Réunion du mardi 26 mars 2024 à 16h30
Commission des affaires culturelles et de l'éducation

Photo issue du site de l'Assemblée nationale ou de WikipediaJean-Jacques Gaultier :

Ma chère collègue, je loue votre engagement et partage une bonne partie de vos objectifs. Mais je n'approuve pas les moyens. Ce texte modifie deux lois de liberté, la loi du 29 juillet 1881 sur la liberté de la presse et celle du 30 septembre 1986 sur la liberté de communication, ce qui peut, quand même, poser un problème constitutionnel. Je rappelle que le Conseil constitutionnel a toujours confirmé dans sa jurisprudence le principe de la liberté pour l'employeur du choix de ses collaborateurs, au nom de la liberté d'entreprendre.

Actuellement, la loi ne prévoit aucune situation dans laquelle les salariés d'une entreprise doivent être directement consultés par un vote avant la nomination d'un responsable. Cette procédure d'agrément poserait d'ailleurs la question de l'exercice de la responsabilité pénale, qui est consacrée par la loi de 1881, pour des personnes qui ne seraient pas approuvées par l'actionnaire. Cela pourrait dissuader les investissements dans nos médias, qui en ont grandement besoin, et cela viendrait figer des rédactions, entraver toute mobilité, toute évolution, tout profil différent, au nom d'un certain entre-soi qui me paraît préjudiciable.
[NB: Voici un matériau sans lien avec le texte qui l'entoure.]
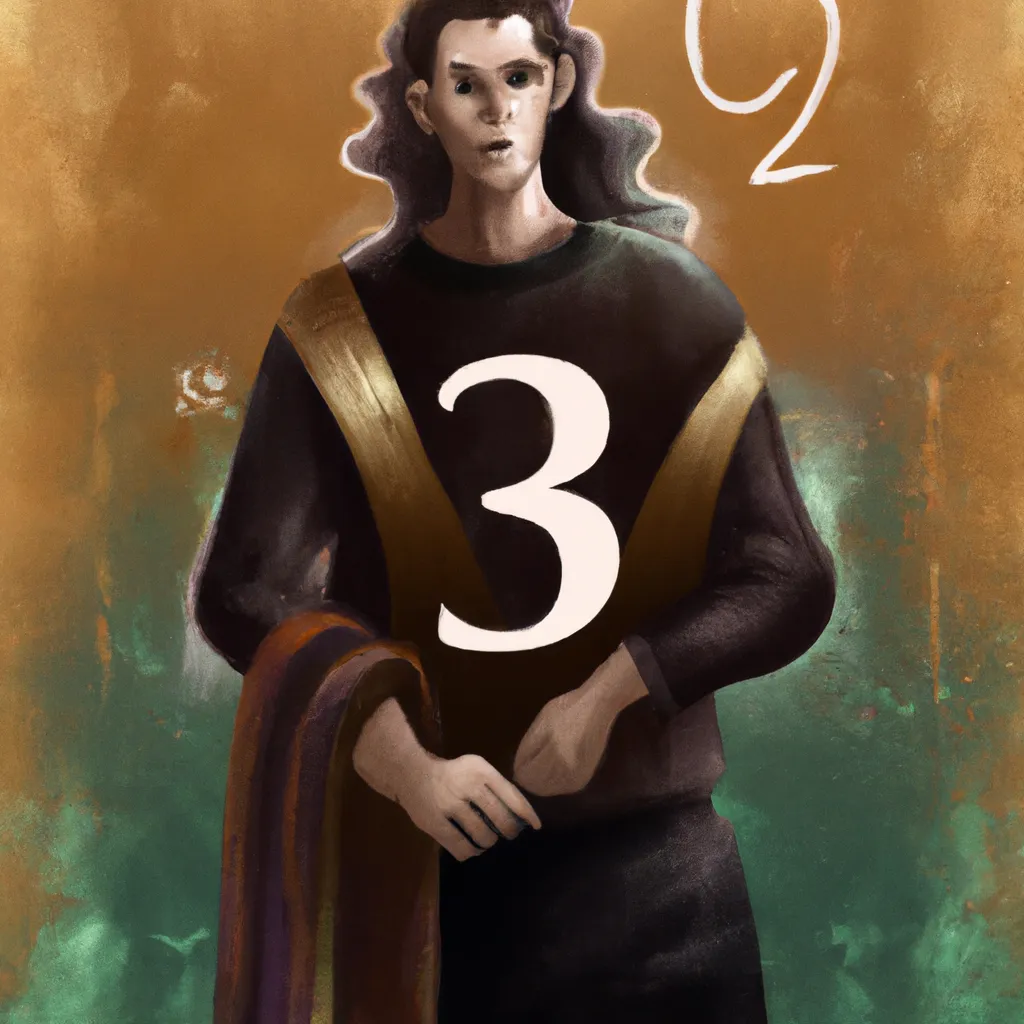 Passo Passo numerologia hernanes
Du reste, ce texte est loin d'être demandé par toute la profession, qui est déjà protégée et encadrée. Les journalistes disposent de clauses de conscience et de cession, et d'un droit d'opposition. On a d'ailleurs vu récemment l'efficacité d'une motion de défiance au sein de la rédaction de La Provence. L'épisode du JDD me paraît aujourd'hui dépassé, après la création de La Tribune Dimanche.
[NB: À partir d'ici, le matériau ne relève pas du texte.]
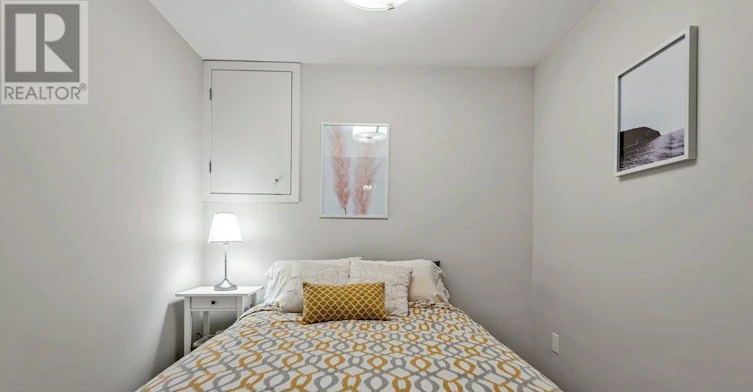 LOWER-17 Birdsall Avenue, Toronto, ON, M4R 2B7 - 23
Enfin, cette proposition de loi associe deux sujets radicalement différents aux règles radicalement différentes : la presse et l'audiovisuel. La presse, c'est beaucoup de titres et un pluralisme externe – une presse d'opinion est possible. L'audiovisuel, c'est la rareté de la ressource, les fréquences, ce qui implique un pluralisme interne, ainsi qu'un contrôle et une régulation par l'Arcom, avec des cahiers des charges et des conventions signées par les chaînes privées. Du reste, l'audiovisuel public ne serait pas concerné par votre proposition de loi, ce qui viendrait renforcer les asymétries avec les médias privés.

Pour toutes ces raisons, nous voterons contre la proposition de loi, dont l'objectif est louable mais qui m'apparaît comme une fausse bonne idée.